- Also known as: The Out-Laws
- Genre: Black comedy Drama
- Created by: Malin-Sarah Gozin
- Written by: Malin-Sarah Gozin Bert Van Dael
- Directed by: Kaat Beels Nathalie Basteyns
- Starring: Barbara Sarafian Kristine Van Pellicom Ruth Becquart Maaike Neuville Inge Paulussen Dirk Roofthooft Geert Van Rampelberg Robbie Cleiren
- Opening theme: "Oh Little Darling" by Paul Severs
- Country of origin: Belgium
- Original language: Dutch
- No. of episodes: 10

Production
- Producers: Frank Van Passel Ivy Vanhaecke

Original release
- Network: VTM
- Release: September 3 – November 5, 2012

Related
- Bad Sisters

= Clan (TV series) =

Flemish television series

Clan (aired as The Out-Laws in the United Kingdom and Australia) is a Belgian miniseries created by Malin-Sarah Gozin and directed by Kaat Beels and Nathalie Basteyns. The show aired during fall of 2012 on the Belgian channel VTM, after six months of filming from August 2011 until January 2012. An Irish remake under the title Bad Sisters was released in 2022 on Apple TV+.

== Story ==

The early death of their parents caused five sisters to have a close relationship (a clan). Their relationship is torn apart after one of the sisters, Goedele, marries the despicable Jean-Claude (aptly called "De Kloot"—The Prick, “kloot” means “bollock”).
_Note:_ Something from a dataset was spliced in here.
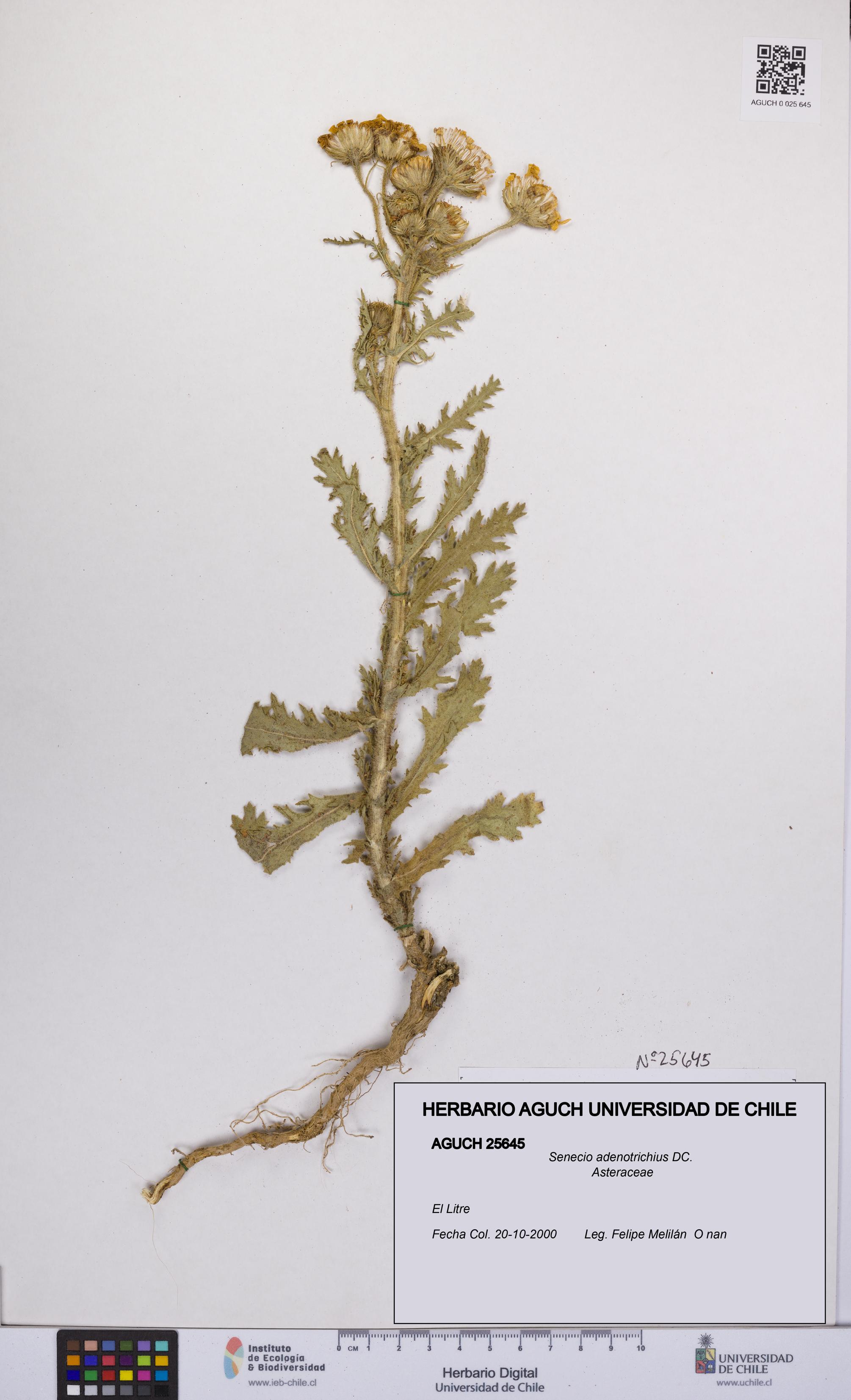 Senecio adenotrichius [Espécimen: UCH:AGUCH:0025645]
Gradually, the four sisters see Goedele transform into a submissive housewife, living in the shadow of her loathsome husband. Each of the four sisters has a reason to detest "De Kloot". This eventually drives them to plotting his death, but their plans don't always work out the way they expected. Eventually, he dies but two insurance agents are convinced that his death wasn't an accident and are desperate to find out how he died.

Episode 1

The burial of "De Kloot" takes place in the first episode. The following episodes work with flashbacks and flashforwards, ranging between the end of October 2012 (the burial of "De Kloot") and the preceding months, unraveling the mystery of his death.

Episode 2

The first sisters to come up with a plan are Eva and Birgit. Veerle and Rebekka, the other two sisters, are excluded from their plot. "De Kloot" is planning to go to his chalet in the Ardennes alone, which they see an excellent opportunity to get rid of him. While he's in bed, they sneak in the chalet, cut the gas tank and light a candle. When they're waiting for the cabin to explode, they hear him talking on the phone outside. Just when they realise he went outside because of the lack of telephone signal inside, the empty chalet explodes.

Episode 3

After involving Veerle with their plans, Birgit comes up with the idea to poison the liver on the monthly Liver day, when "De Kloot" eats liver. Before he could even start his meal, the poisoned liver was devoured by his dog Oscar, which led to the dog's death.

Episode 4

Bekka, the youngest sister, joins the club and proposes death by electrocution. Before his weekly bath, Birgit sneaks into the house and opens the window ajar. Minutes later, when The Prick is in bath, Eva kicks a football against the window, causing it to slam open and drag the plugged-in radio that was standing in front of the window into the tub. The four cheer as the radio causes a local power failure, while all lights in the neighbourhood go out. Moments later, they realize that he had stepped out of the tub to kick the meowing cat out of the house, avoiding his electrocution. On top of that, an old man a few houses away fell from the stairs, because the lights had gone off.

Episode 5

Birgit, a former crossbow champion, comes up with a plan to shoot "De Kloot" during the family trip to a paintball area. After experimenting with a watermelon, the four realize that frozen paintballs are the equivalent of bullets. Veerle, who works as a nurse at the local hospital, knows that "De Kloot" has a scar on his head, under which there's no skull. The ideal bull's eye. After mixing up the wrong protection masks at the paintball area, she ends up aiming at the wrong guy and shooting a frozen paintball into the unfortunate man's eye.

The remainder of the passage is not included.